Lawmakers vote on legislation related to criminal statutes, to parole, and to sentencing. So it matters that they are not just encouraged but required to see the conditions under which people in their districts live, to see how public dollars are being spent, and to see how government employees are doing their jobs. When President Barack Obama visited a federal prison, he was the first sitting presidentto do so.

But, as the feedback that FAMM has been inviting pointed out, a scheduled, guided tour won’t give visitors a look at what really goes on in prisons. Furthermore, the conclusions that lawmakers reach are likely to hew closely to their perspective before they went in. Lawmakers who already have questions about the treatment of people in custody may learn new details that they can work to address. Others, who fundamentally believe people in prison deserve little in the way of dignity, health, and safety, may leave with their views unchanged.

Lawmakers, as well as the prosecutors who seek detention and incarceration and the judges who order it, should be required to visit jails and prisons. But the public should also have a right to see and know what goes on in these facilities, which is why our prisons should not be cut off from society. When police violence became an issue that received widespread attention, it was because members of the public, some who had witnessed that violence for years, finally had the technology to capture and disseminate information about it.

The FAMM campaign is also a reminder of the lack of diversity among elected representatives.

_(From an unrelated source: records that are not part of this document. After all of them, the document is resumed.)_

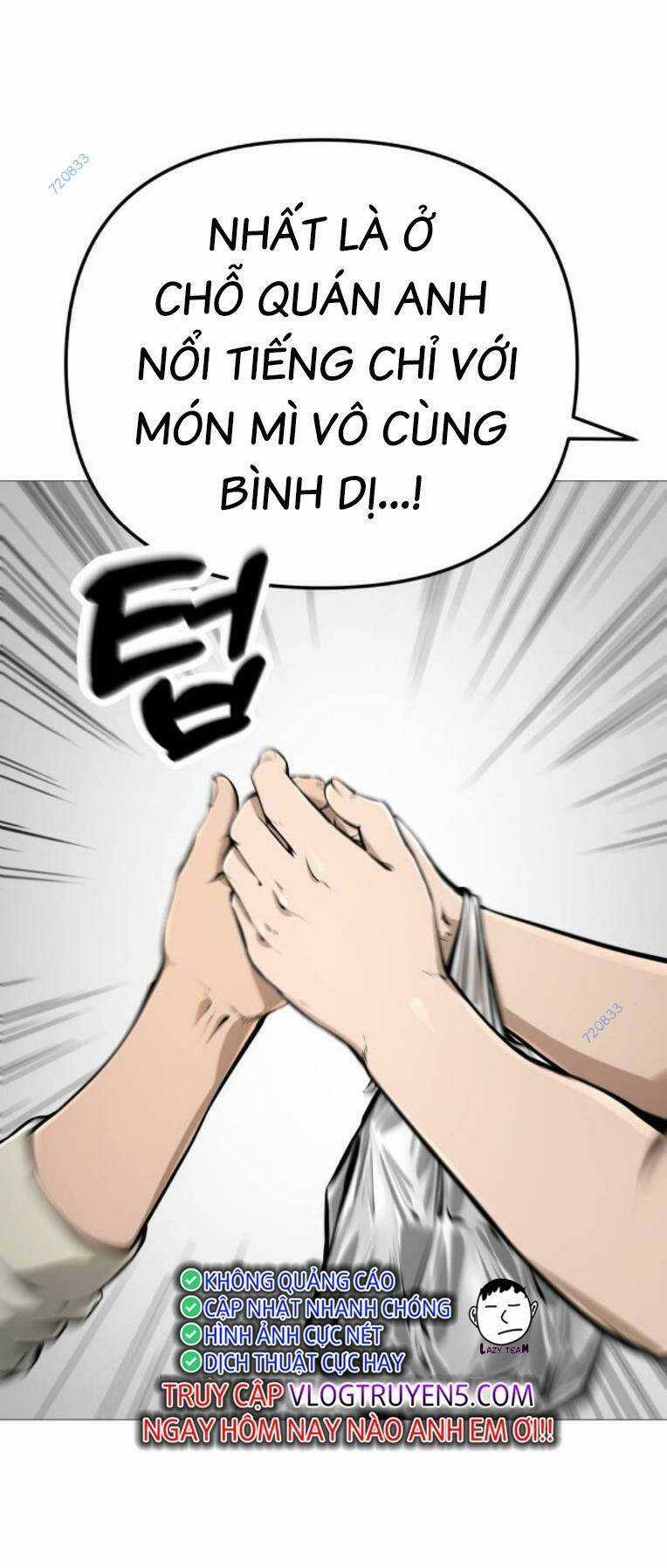 Quán Ngon - Chapter 12 - Trang 31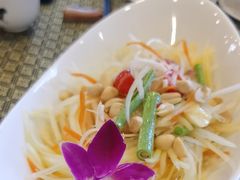 -南沙游艇会·大兵船餐厅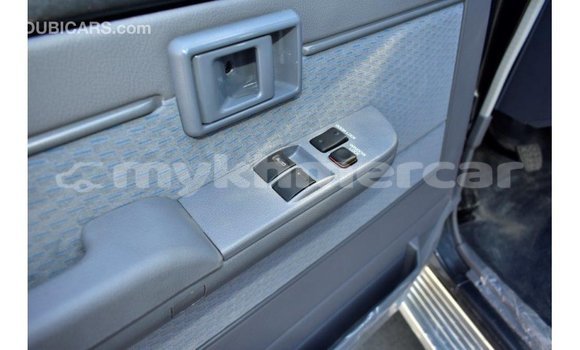 Acheter Import Voiture Toyota Land Cruiser Autre à Import - Dubai, Kampot Province Acheter Import Voiture Toyota Land Cruiser Autre à Import - Dubai, Kampot Province
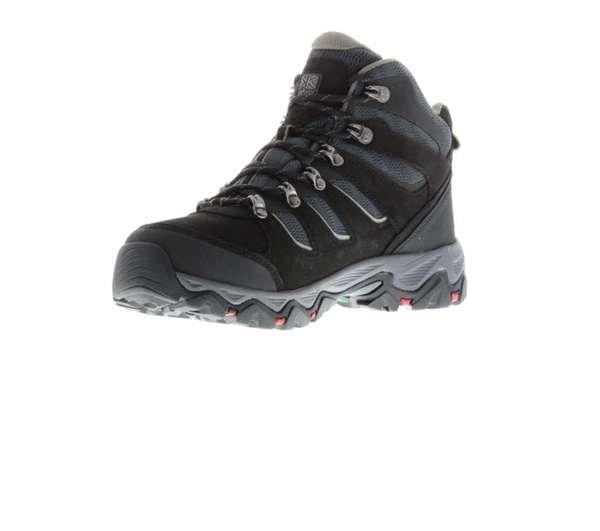 Karrimor Mount Mid Mens Waterproof Walking Boots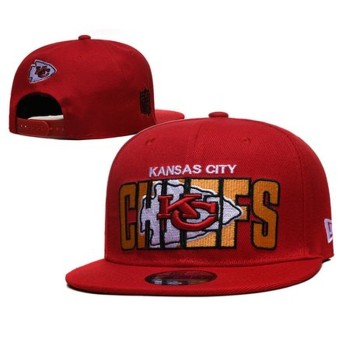 Kansas City Chiefs Snapback Hat Kansas City Chiefs Snapback Hat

Many people, if elected as lawmakers, might not need a visit to know what life is like inside a prison or jail. They would already know, from visits to family members, from hearing about it from loved ones, perhaps from being formerly incarcerated themselves.

Inattention to conditions in prisons and jails may also be a product of mass disenfranchisement. If lawmakers knew they would meet voters when visiting prisons and jails, or knew they would talk to voters who had previously been incarcerated, visiting facilities might be more akin to visiting other constituents entitled to representation.